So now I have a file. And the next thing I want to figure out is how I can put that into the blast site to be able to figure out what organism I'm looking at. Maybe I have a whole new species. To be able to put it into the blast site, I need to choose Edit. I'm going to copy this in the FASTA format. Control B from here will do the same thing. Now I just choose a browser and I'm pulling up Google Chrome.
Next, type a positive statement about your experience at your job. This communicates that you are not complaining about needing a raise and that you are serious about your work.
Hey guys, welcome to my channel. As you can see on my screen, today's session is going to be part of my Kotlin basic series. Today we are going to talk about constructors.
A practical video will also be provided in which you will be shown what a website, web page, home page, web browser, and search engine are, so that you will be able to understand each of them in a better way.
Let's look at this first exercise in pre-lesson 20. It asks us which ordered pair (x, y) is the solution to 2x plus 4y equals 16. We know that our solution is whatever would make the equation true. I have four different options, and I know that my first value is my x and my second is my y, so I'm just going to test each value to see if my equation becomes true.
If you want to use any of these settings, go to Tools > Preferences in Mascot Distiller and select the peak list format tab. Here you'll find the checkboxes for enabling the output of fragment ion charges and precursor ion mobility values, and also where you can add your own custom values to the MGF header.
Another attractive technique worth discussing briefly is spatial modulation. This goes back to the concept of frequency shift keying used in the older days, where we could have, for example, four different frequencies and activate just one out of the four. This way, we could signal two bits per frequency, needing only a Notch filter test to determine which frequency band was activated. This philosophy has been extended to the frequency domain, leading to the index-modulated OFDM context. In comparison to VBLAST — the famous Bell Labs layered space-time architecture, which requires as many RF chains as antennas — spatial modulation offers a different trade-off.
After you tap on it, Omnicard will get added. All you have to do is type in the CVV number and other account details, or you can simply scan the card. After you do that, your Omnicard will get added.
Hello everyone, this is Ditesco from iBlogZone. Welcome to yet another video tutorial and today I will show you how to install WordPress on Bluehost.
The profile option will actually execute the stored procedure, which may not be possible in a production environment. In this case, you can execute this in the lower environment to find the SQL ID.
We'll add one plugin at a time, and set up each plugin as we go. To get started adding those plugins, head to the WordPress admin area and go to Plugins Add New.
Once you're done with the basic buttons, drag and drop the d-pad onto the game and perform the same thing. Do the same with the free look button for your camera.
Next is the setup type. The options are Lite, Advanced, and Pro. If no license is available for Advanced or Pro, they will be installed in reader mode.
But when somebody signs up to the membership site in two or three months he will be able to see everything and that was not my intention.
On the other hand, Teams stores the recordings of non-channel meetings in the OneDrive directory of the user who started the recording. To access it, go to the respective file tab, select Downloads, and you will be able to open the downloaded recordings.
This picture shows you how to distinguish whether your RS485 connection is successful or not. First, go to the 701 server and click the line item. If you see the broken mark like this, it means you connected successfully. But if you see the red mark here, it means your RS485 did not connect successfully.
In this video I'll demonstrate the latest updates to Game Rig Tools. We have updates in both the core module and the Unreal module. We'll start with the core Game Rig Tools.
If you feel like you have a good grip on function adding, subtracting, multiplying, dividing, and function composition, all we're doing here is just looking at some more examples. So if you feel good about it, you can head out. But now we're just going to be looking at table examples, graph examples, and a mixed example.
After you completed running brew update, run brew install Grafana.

════

Of all the entries above, retype exactly the lines from the line with "A practical video" to the line with "The profile option", both included, and no others.

A practical video will also be provided in which you will be shown what a website, web page, home page, web browser, and search engine are, so that you will be able to understand each of them in a better way.
Let's look at this first exercise in pre-lesson 20. It asks us which ordered pair (x, y) is the solution to 2x plus 4y equals 16. We know that our solution is whatever would make the equation true. I have four different options, and I know that my first value is my x and my second is my y, so I'm just going to test each value to see if my equation becomes true.
If you want to use any of these settings, go to Tools > Preferences in Mascot Distiller and select the peak list format tab. Here you'll find the checkboxes for enabling the output of fragment ion charges and precursor ion mobility values, and also where you can add your own custom values to the MGF header.
Another attractive technique worth discussing briefly is spatial modulation. This goes back to the concept of frequency shift keying used in the older days, where we could have, for example, four different frequencies and activate just one out of the four. This way, we could signal two bits per frequency, needing only a Notch filter test to determine which frequency band was activated. This philosophy has been extended to the frequency domain, leading to the index-modulated OFDM context. In comparison to VBLAST — the famous Bell Labs layered space-time architecture, which requires as many RF chains as antennas — spatial modulation offers a different trade-off.
After you tap on it, Omnicard will get added. All you have to do is type in the CVV number and other account details, or you can simply scan the card. After you do that, your Omnicard will get added.
Hello everyone, this is Ditesco from iBlogZone. Welcome to yet another video tutorial and today I will show you how to install WordPress on Bluehost.
The profile option will actually execute the stored procedure, which may not be possible in a production environment. In this case, you can execute this in the lower environment to find the SQL ID.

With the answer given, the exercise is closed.